La réalisation graphique se veut minimaliste, conceptuelle, presque austère - quelques figures géométriques simples pour les chemins - mais très lisible. Impossible de se perdre dans les quelques 56 niveaux affichés, répartis en huit zones de difficulté croissante, comportant chacun trois règles de jeu. La première règle (« personnage « ) consiste juste à trouver la sortie, la seconde (« clé ») demande en plus de trouver une clé cachée dans le niveau pour ouvrir la porte de la sortie. Quant à la dernière (« illusion »), elle permet de figer le temps pendant trois seconde par personnage, ce qui peut aider sur certains passages. La durée de vie est alors des plus confortables, surtout quand on voit que trois packs de niveaux sont d’ores à déjà à télécharger gratuitement sur le PlayStation Store.

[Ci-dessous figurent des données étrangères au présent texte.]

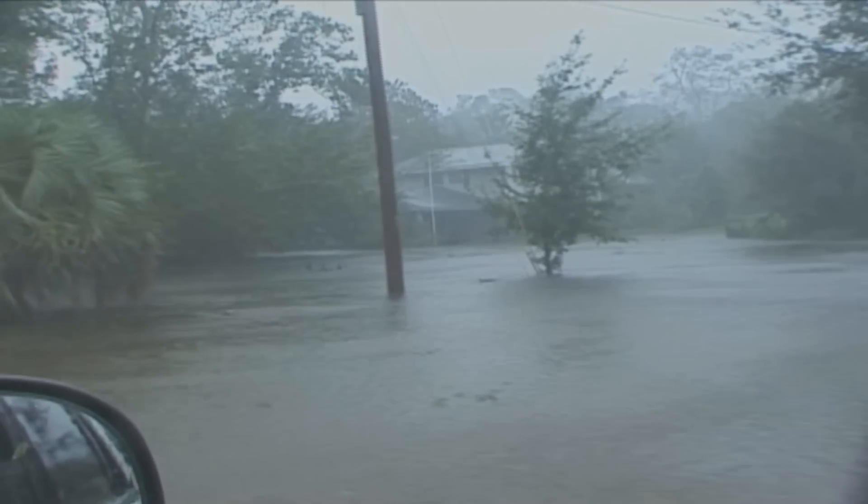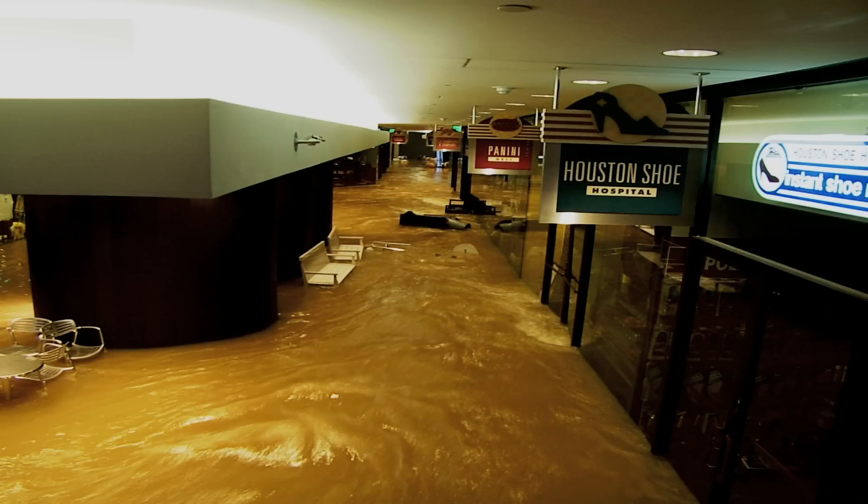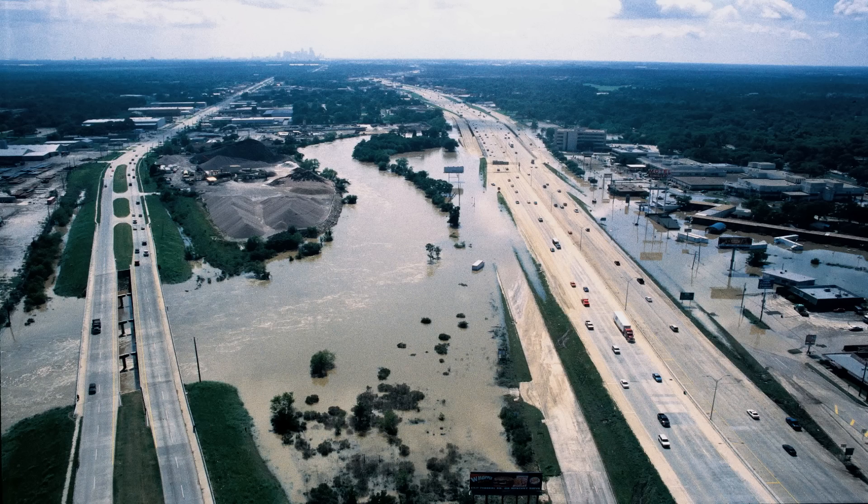But storm surge is not just a coastal event. In some areas, the sea water can travel well inland with devastating consequences.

Terminons ce test en signalant la présence d’une option d’installation qui permet de placer une partie des données de l’UMD sur votre Memory Stick afin de réduire considérablement les temps de chargement, très réguliers, du jeu. Une option vivement recommandée puisque chaque écho nécessite un écran de loading. Avec son petit prix de 20€ en version boite (16.99€ sur le PSN), Ecoshift apportera un long moment de réflexion à ceux qui aiment se prendre la tête.
• Concept prenant
• Durée de vie énorme
• Prix attractif
• Graphiquement simple
• Temps de chargement réguliers
• Difficile vers la fin
Verdict
Ecoshift est un vrai coup de cœur : un concept simple mais remarquablement bien exploité, avec une difficulté progressive et une durée de vie colossale, proposé qui plus est à un prix vraiment abordable. Un achat largement recommandé à ceux qui aiment se prendre la tête sur des jeux qui sortent des sentiers battus, comme on en trouve sur PlayStation Portable.
Le Village PF

Graphismes
6 / 10Graphismes simples, qui vont à l'essentiel, mais au level design exemplaire et à la lisibilité parfaite.
Jouabilité
8 / 10Prise en main immédiate grâce à des commandes simples, difficulté progressive mais très élevée vers la fin.
Son
8 / 10La musique d'ambiance est reposante, douce, très jazzy mais un peu répétitive compte tenu du temps que l'on passe sur le jeu.
Durée de vie
9 / 10Durée de vie énorme : 56 niveaux répartis par difficulté, trois modes de jeu et des packs de cartes à télécharger gratuitement.
Fun
8 / 10Ceux qui ont aimé les passages réflexion du dernier Ratchet & Clank seront ravis de retrouver un jeu uniquement constitué de casse-têtes.